Car il ne faut pas s’y tromper, c’est bien cette dernière qui donne toute l’énergie au trio formé avec Andrew Garfield (Tommy). Un trio que l’on voit évoluer au fil des années… se construite, se détruire, se perdre, se retrouver… au hasard du destin bien particulier qui est le leur…

Leur histoire nous est contée par Kathy, 28 ans, qui se rappelle son enfance et sa vie depuis son arrivée à la pension Hailsham. La science a fait beaucoup de progrès et le clonage humain permet d’avoir des organes à disposition pour les transplantations.
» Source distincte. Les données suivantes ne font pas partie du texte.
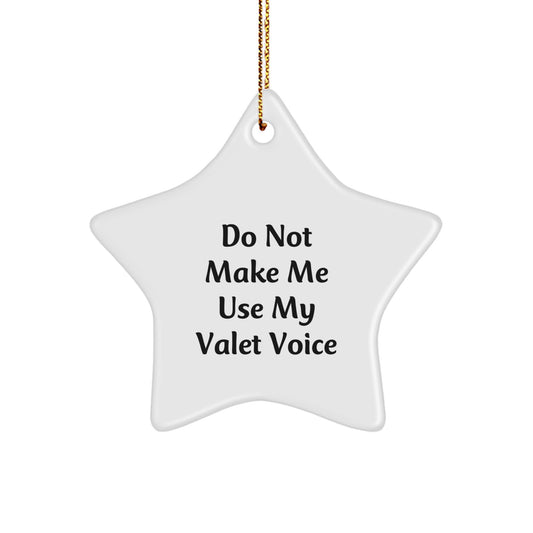 Funny Valet Gifts for Valet, Star Ornament, Christmas Unique Gifts from Men, Women, Friends, Coworkers, Family - Image 1
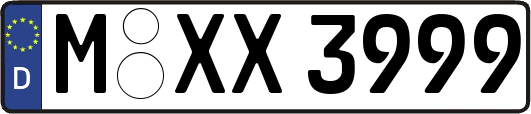 M-XX3999
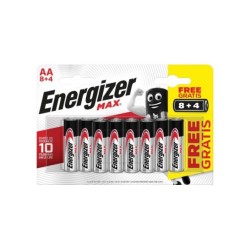 AA Batterij Energizer Max 8+4 AA Batterij Energizer Max 8+4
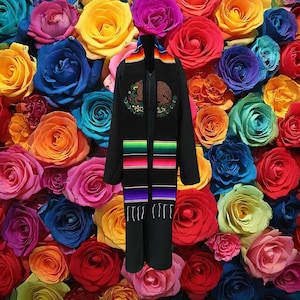 Mexican Eagle Graduation Sash class of 2025 emblem Mexico todo Corazon Personalized custom stole sarape gift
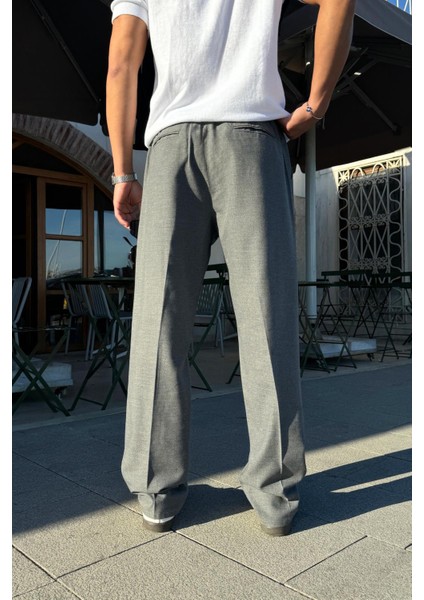 Relax Fit Basic Gri Kumaş Pantolon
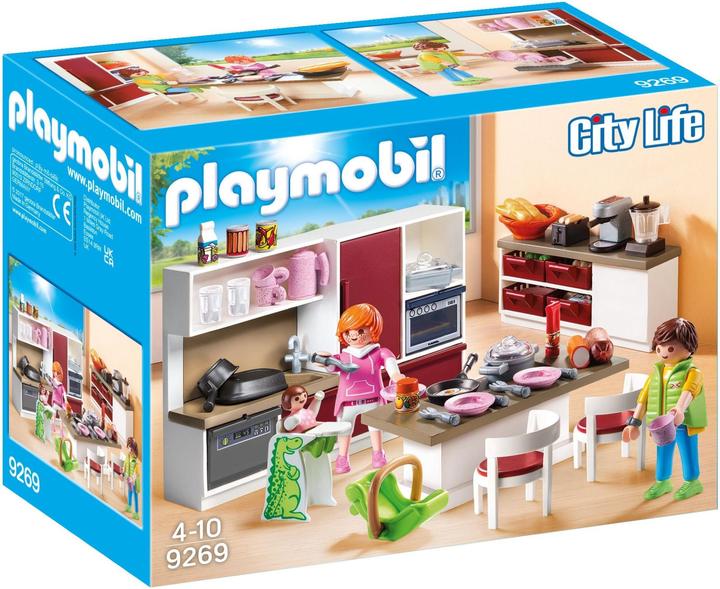 Actual product image Playmobil Large family kitchen (9269, Playmobil City Life)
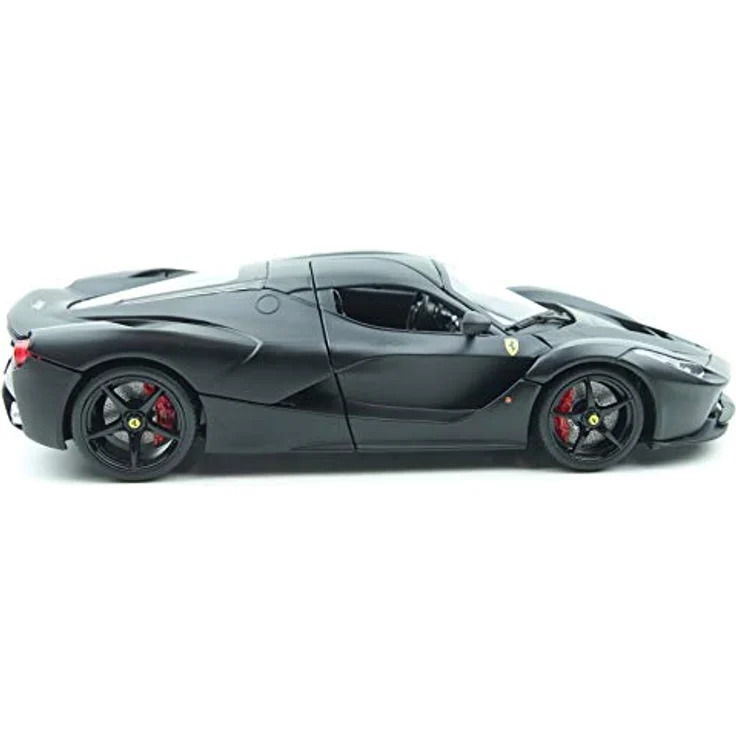 Bburago Ferrari LaFerrari, hochwertiges Modellfahrzeug aus Zinkguss mit funktionierenden Türen und Hauben in Geschenkbox – Bild 9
Kathy, Ruth et Tommy ont été créés dans ce but : à l’âge adulte, ils commenceront à faire des dons jusqu’à « l’achèvement », c’est-à-dire leur mort.

Et c’est là toute la force de ce film, car alors que nous sommes clairement dans le domaine de la science-fiction, tout ce qui touche à la technologie est délibérément mis de côté (à l’inverse du film The island, ou nous étions clairement dans un univers blanc, automatisé, aseptisé…) pour mieux laisser les émotions s’exprimer.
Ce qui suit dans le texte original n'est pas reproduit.